**TASK BRIEF**
Leave the pictures out, and transcribe the material below exactly from the line with "The image is" to the line with "A creative black", both lines included.

**GIVEN RECORDS**
========

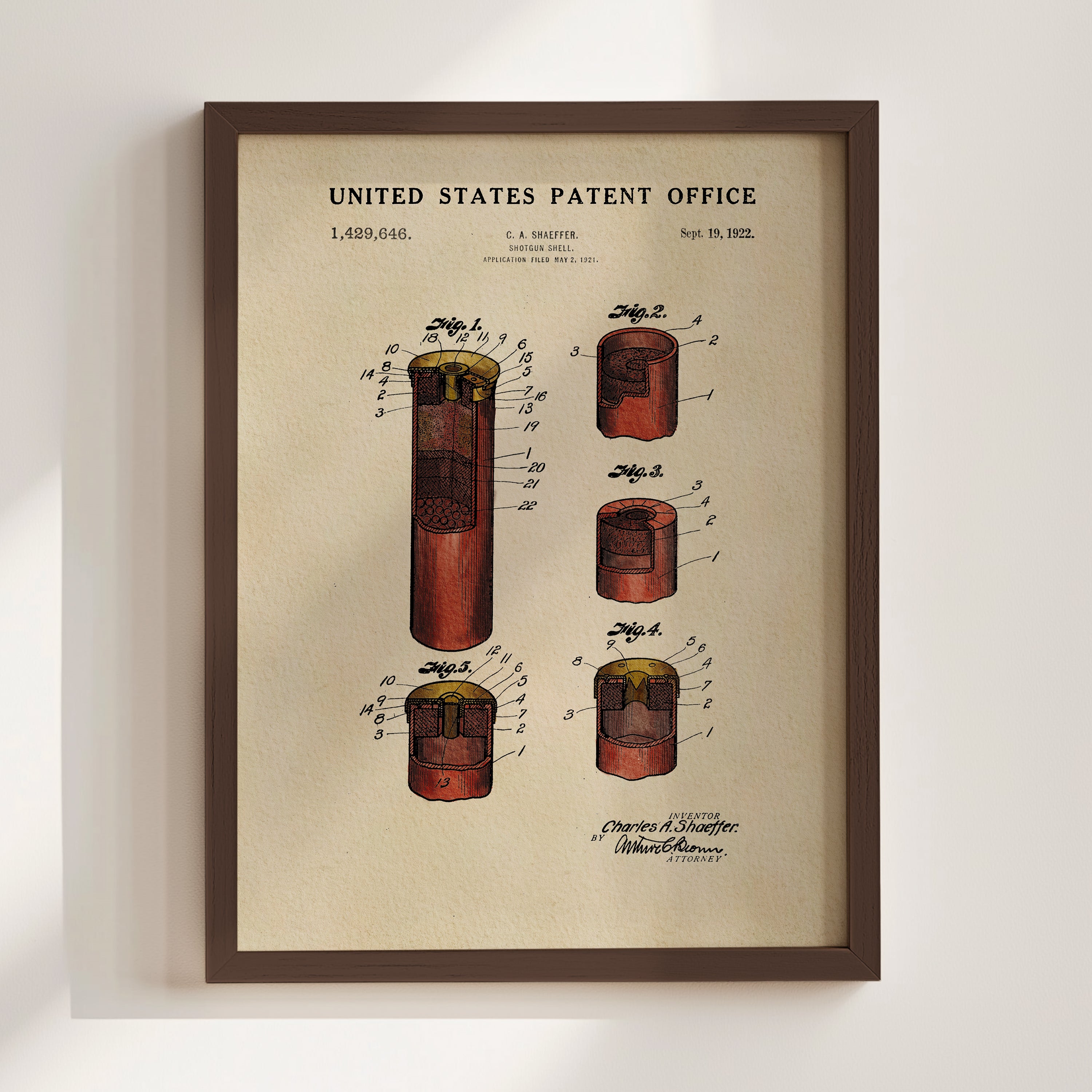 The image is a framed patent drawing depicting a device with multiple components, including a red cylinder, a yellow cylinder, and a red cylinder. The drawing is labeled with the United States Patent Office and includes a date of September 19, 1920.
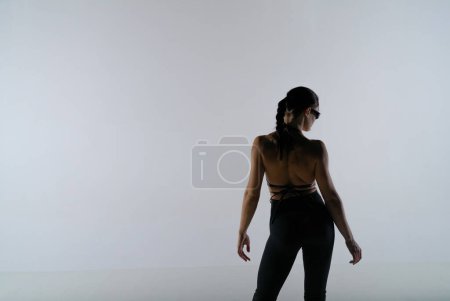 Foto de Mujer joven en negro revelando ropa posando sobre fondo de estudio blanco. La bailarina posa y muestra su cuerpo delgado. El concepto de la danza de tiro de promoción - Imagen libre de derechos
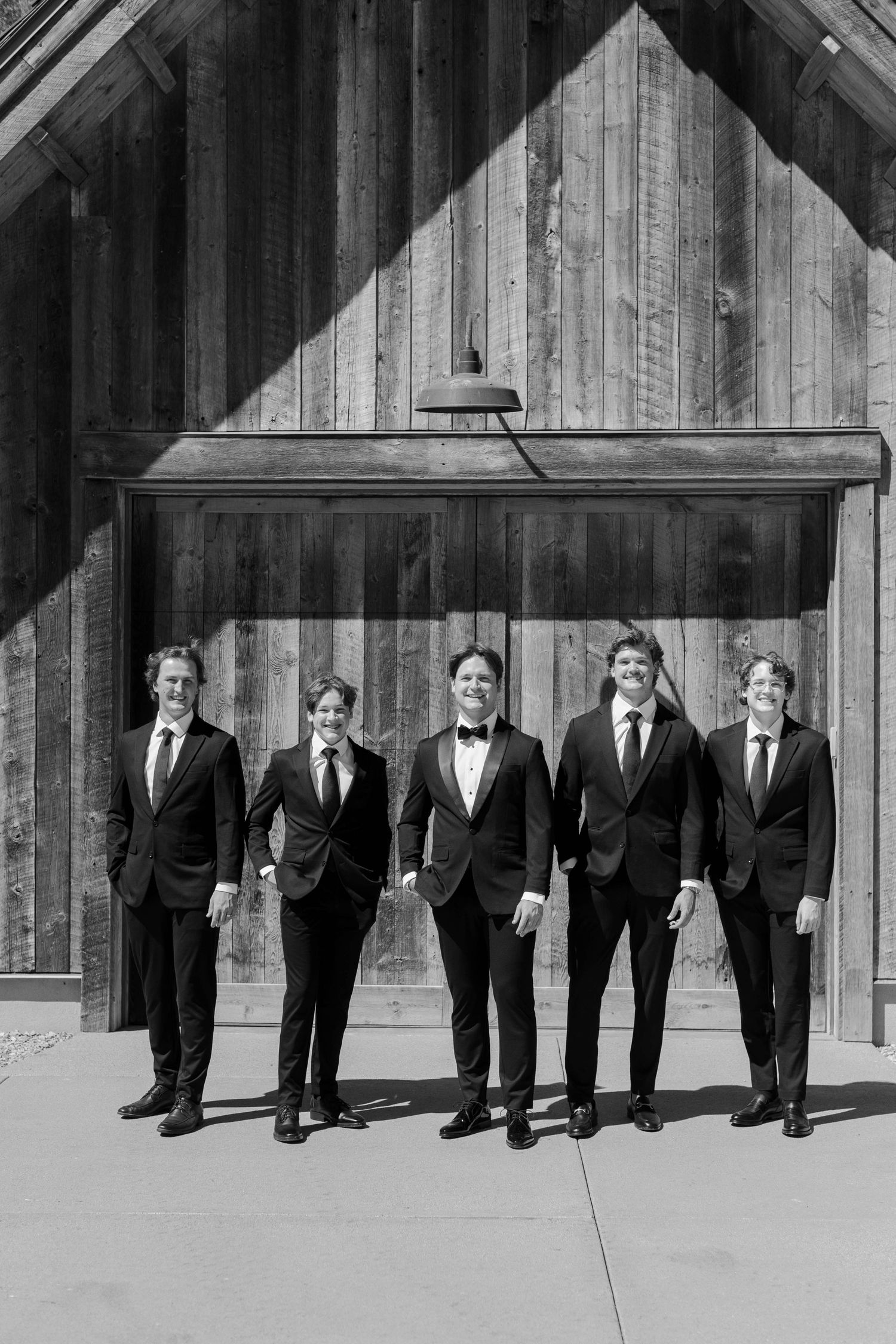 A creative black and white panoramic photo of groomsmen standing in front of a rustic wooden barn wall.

========

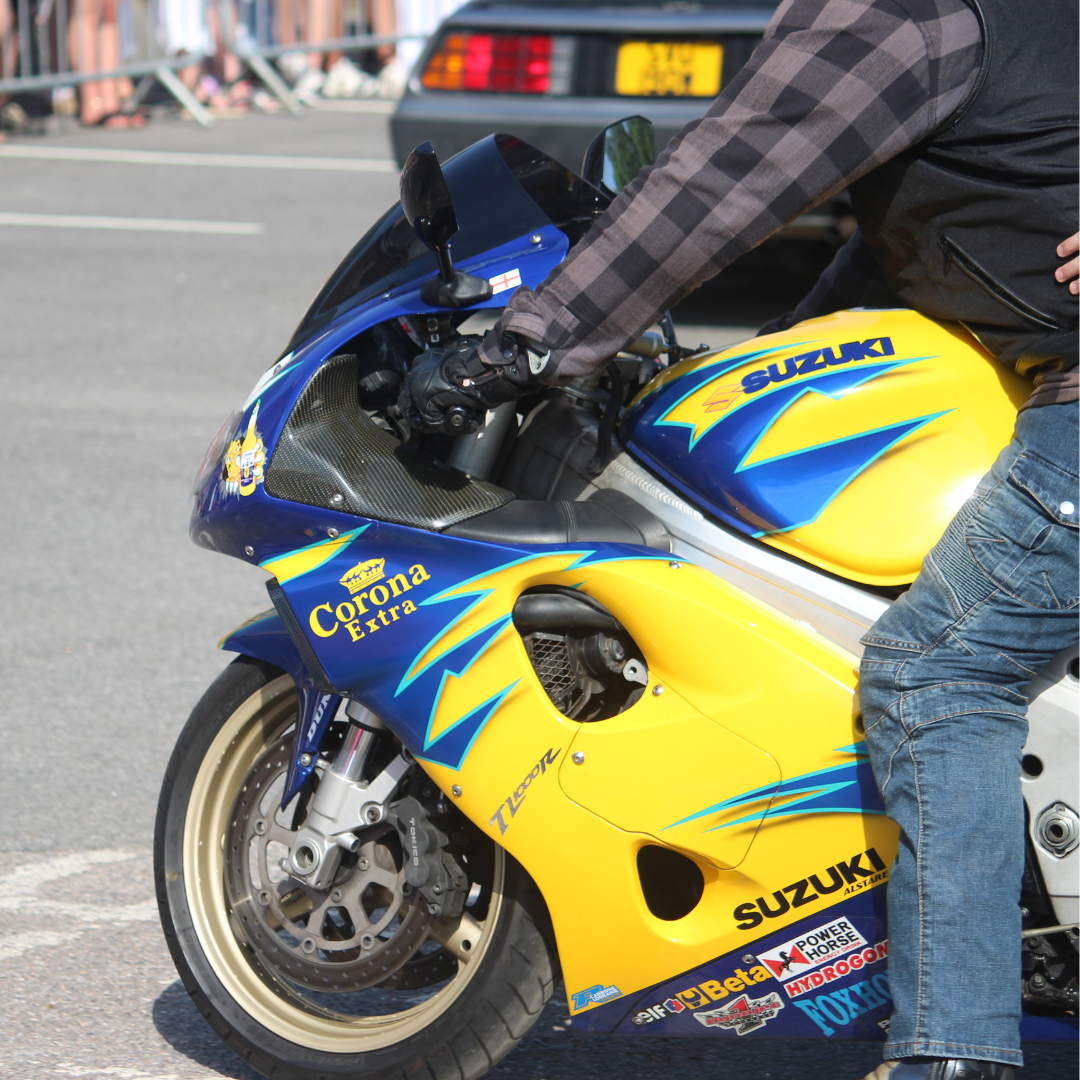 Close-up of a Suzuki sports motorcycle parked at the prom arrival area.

========

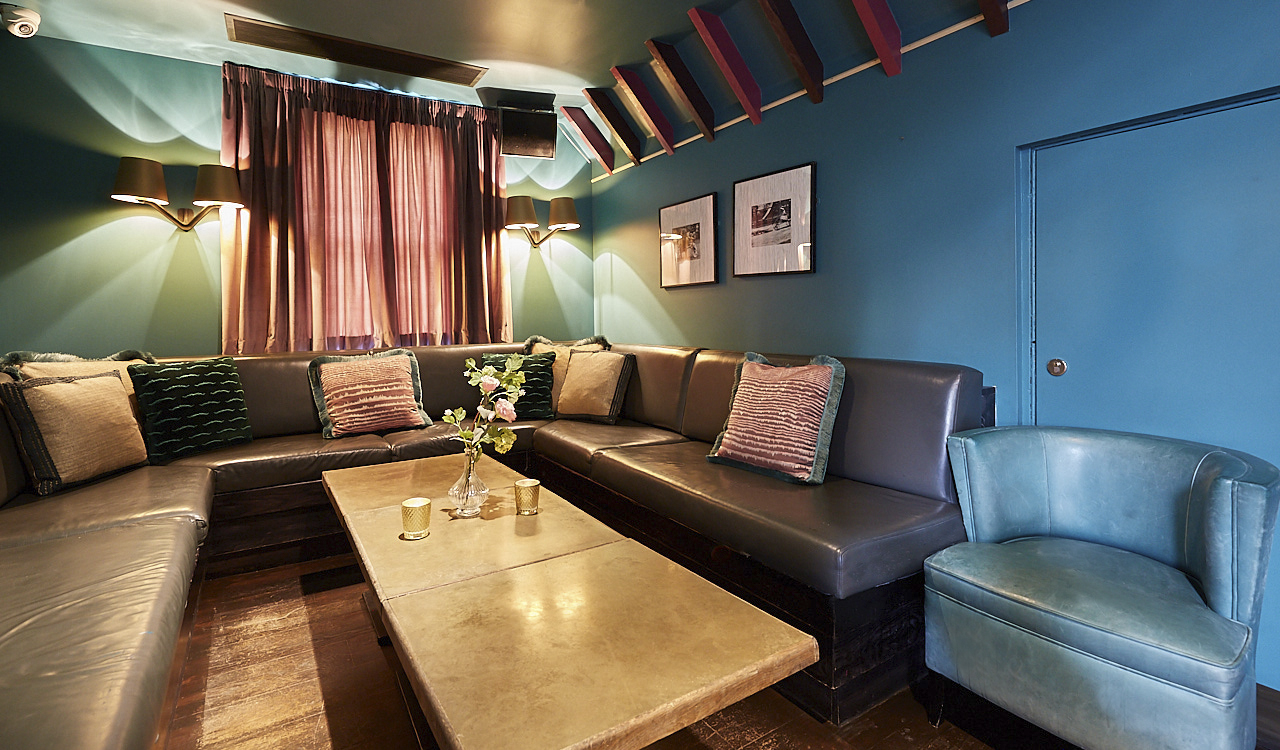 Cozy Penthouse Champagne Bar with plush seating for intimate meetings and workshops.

========

**TASK SOLUTION**
 The image is a framed patent drawing depicting a device with multiple components, including a red cylinder, a yellow cylinder, and a red cylinder. The drawing is labeled with the United States Patent Office and includes a date of September 19, 1920.
 Foto de Mujer joven en negro revelando ropa posando sobre fondo de estudio blanco. La bailarina posa y muestra su cuerpo delgado. El concepto de la danza de tiro de promoción - Imagen libre de derechos
 A creative black and white panoramic photo of groomsmen standing in front of a rustic wooden barn wall.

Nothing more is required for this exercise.